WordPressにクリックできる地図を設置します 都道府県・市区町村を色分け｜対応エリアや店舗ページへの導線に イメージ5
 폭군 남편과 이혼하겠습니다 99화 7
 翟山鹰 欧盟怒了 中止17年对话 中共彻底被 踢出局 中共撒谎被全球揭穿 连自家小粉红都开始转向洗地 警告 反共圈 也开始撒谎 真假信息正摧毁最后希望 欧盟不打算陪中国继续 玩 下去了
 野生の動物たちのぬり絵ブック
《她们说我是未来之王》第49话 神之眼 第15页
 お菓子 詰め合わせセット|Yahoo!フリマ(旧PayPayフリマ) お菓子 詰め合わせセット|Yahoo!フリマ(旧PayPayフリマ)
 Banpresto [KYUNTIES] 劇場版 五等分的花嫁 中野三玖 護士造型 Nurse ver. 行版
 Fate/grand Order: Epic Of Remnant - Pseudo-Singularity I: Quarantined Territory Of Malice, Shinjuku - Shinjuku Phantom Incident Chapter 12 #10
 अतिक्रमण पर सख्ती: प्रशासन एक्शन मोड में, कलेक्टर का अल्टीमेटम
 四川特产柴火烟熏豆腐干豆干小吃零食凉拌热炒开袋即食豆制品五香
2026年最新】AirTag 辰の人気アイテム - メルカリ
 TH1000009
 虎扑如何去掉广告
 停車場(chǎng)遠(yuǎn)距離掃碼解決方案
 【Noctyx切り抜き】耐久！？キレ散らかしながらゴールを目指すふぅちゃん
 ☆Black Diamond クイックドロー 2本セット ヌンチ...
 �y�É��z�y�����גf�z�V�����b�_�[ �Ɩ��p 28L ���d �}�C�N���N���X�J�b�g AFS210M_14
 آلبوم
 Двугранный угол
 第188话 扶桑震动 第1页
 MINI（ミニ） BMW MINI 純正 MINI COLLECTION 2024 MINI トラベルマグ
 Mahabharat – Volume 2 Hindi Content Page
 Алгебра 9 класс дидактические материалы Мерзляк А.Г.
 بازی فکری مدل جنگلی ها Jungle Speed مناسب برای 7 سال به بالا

» **PROBLEM TO WORK ON**
No line should appear in the answer except those from the one containing "四川特产柴火烟熏豆腐干豆干小吃零食凉拌热炒开袋即食豆制品五香" through the last line of the listing, each retyped exactly.

» **ANSWER BOX**
 四川特产柴火烟熏豆腐干豆干小吃零食凉拌热炒开袋即食豆制品五香
2026年最新】AirTag 辰の人気アイテム - メルカリ
 TH1000009
 虎扑如何去掉广告
 停車場(chǎng)遠(yuǎn)距離掃碼解決方案
 【Noctyx切り抜き】耐久！？キレ散らかしながらゴールを目指すふぅちゃん
 ☆Black Diamond クイックドロー 2本セット ヌンチ...
 �y�É��z�y�����גf�z�V�����b�_�[ �Ɩ��p 28L ���d �}�C�N���N���X�J�b�g AFS210M_14
 آلبوم
 Двугранный угол
 第188话 扶桑震动 第1页
 MINI（ミニ） BMW MINI 純正 MINI COLLECTION 2024 MINI トラベルマグ
 Mahabharat – Volume 2 Hindi Content Page
 Алгебра 9 класс дидактические материалы Мерзляк А.Г.
 بازی فکری مدل جنگلی ها Jungle Speed مناسب برای 7 سال به بالا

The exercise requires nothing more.